TAESDV is a Tiny AutoEncoder for Stable Diffusion Videos. TAESDV can decode sequences of Stable Diffusion latents into continuous videos with much smoother results than single-frame TAESD (but within the same tiny runtime budget).

Since TAESDV efficiently supports both parallel and sequential frame decoding, TAESDV should be useful for:

Fast batched previewing for video-generation systems like SVD or AnimateLCM.
Fast realtime decoding for interactive v2v systems like StreamDiffusion.

Original Video	TAESD Encode, TAESD Decode	TAESD Encode, TAESDV Decode

[!NOTE] Lots of TODOs still:

Add StreamDiffusion or other v2v example

Add performance metrics (it's like the same as TAESD)

Better / more example videos

Add to Diffusers somehow?

Even better checkpoint?

How can I use TAESDV for previewing generated videos?
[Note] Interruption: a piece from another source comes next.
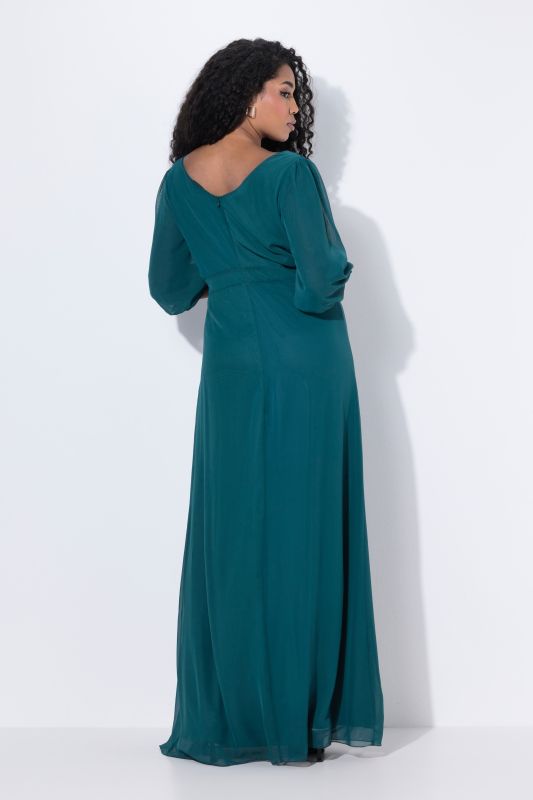 Robe maxi en mousseline, multicouche. Décolleté V, manches 3/4
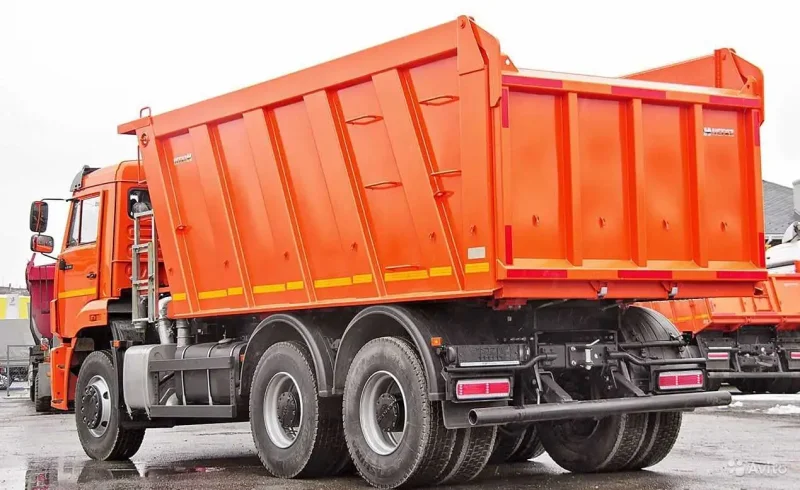Самосвал КАМАЗ 6589-40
See the AnimateLCM previewing example, which visualizes a TAESDV preview after each generation step.

How does TAESDV work?

TAESDV was created by giving TAESD's decoder additional cross-frame-memory and finetuning it on video data.

What are the limitations of TAESDV?

TAESDV is tiny and trying to work very quickly, so it tends to fudge fine details. If you want maximal quality, you should use the SVD VAE.